● **WHAT NEEDS TO BE DONE**
An exact copy of the listing below is the answer, with the pictures removed.

● **DATASET SECTION**
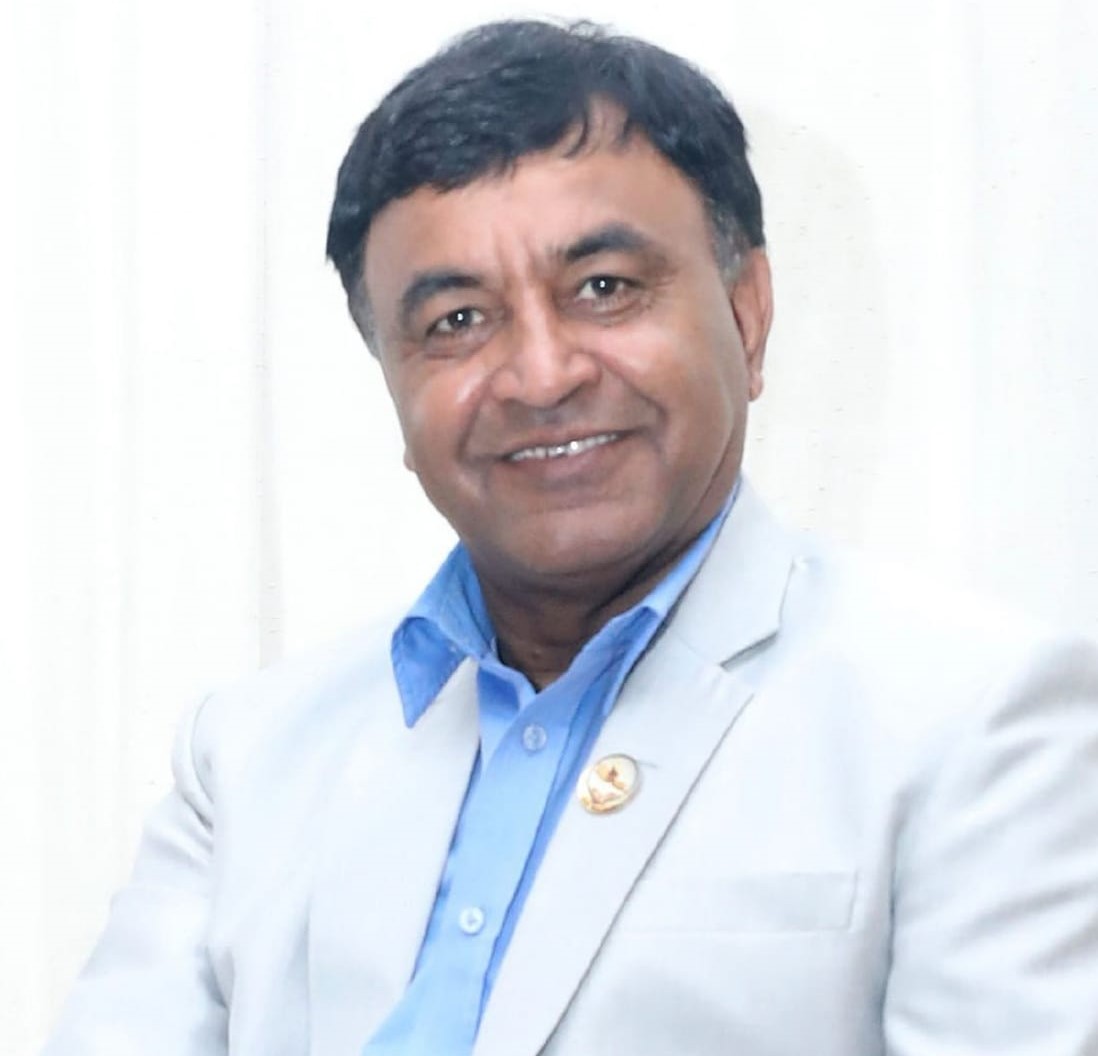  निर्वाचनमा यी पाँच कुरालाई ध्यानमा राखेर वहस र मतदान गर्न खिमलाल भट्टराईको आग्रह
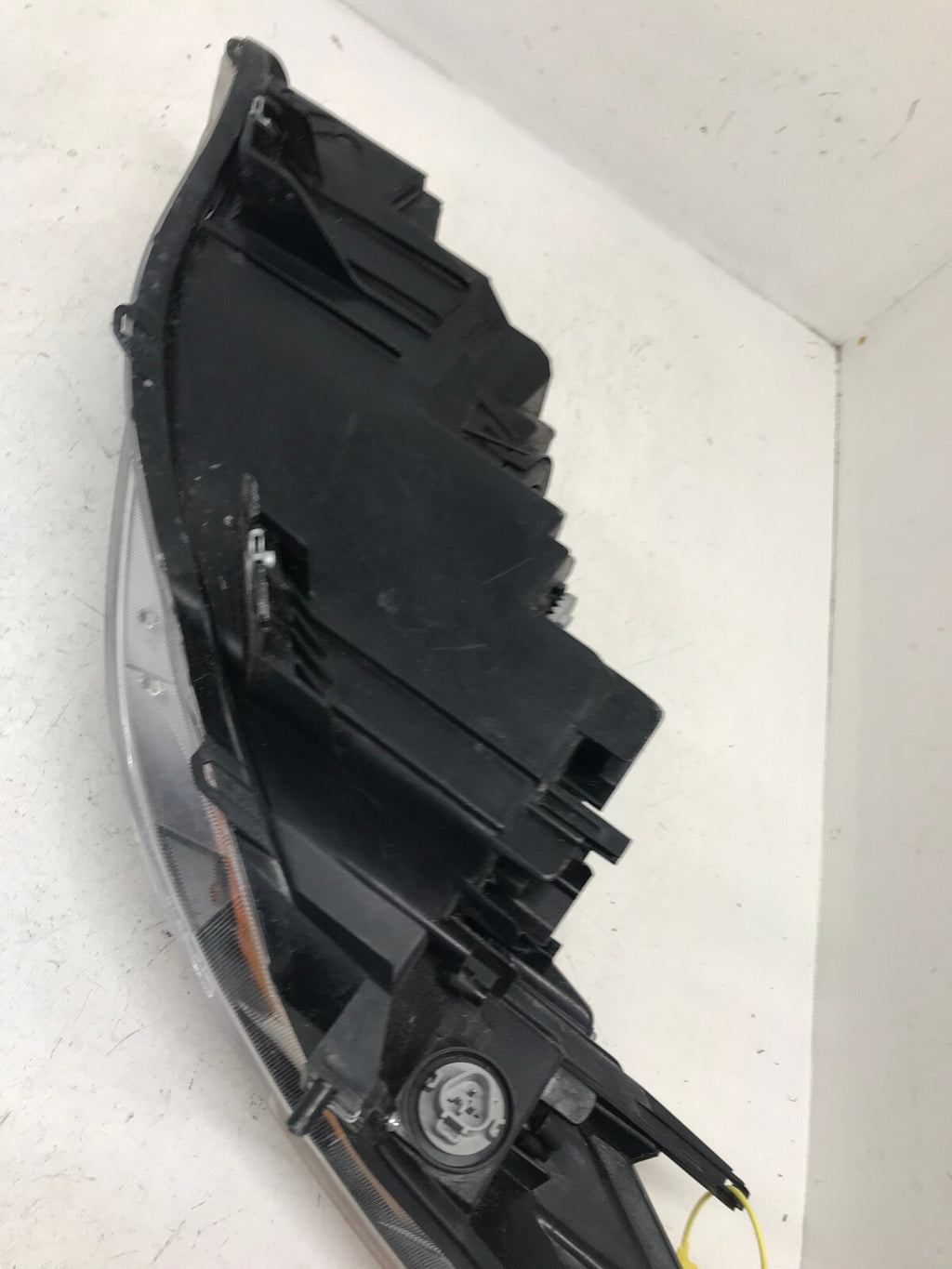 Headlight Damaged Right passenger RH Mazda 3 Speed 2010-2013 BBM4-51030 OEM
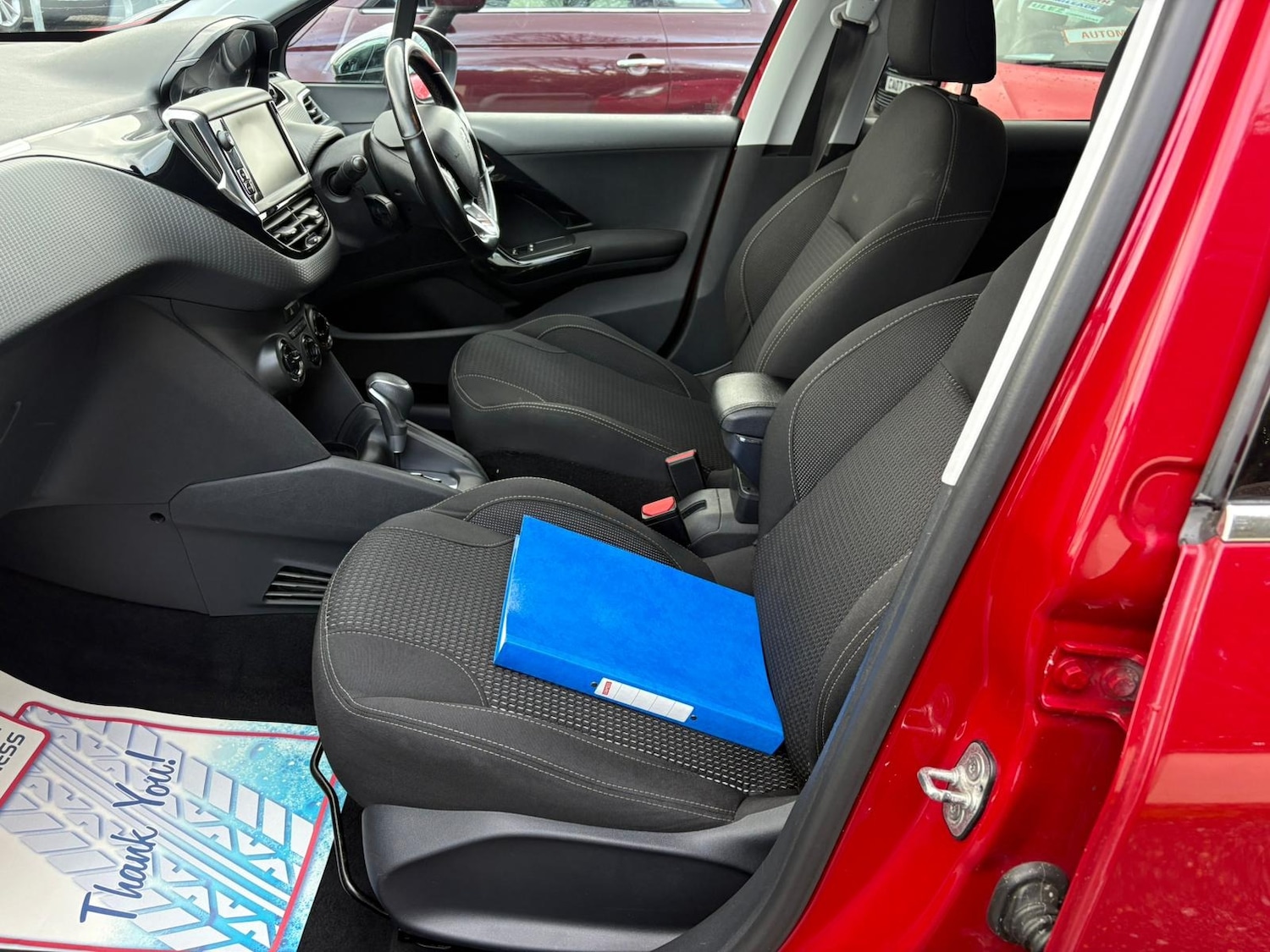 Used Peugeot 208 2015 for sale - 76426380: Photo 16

● **OUTPUT FOR THIS EXERCISE**
  निर्वाचनमा यी पाँच कुरालाई ध्यानमा राखेर वहस र मतदान गर्न खिमलाल भट्टराईको आग्रह
 Headlight Damaged Right passenger RH Mazda 3 Speed 2010-2013 BBM4-51030 OEM
 Used Peugeot 208 2015 for sale - 76426380: Photo 16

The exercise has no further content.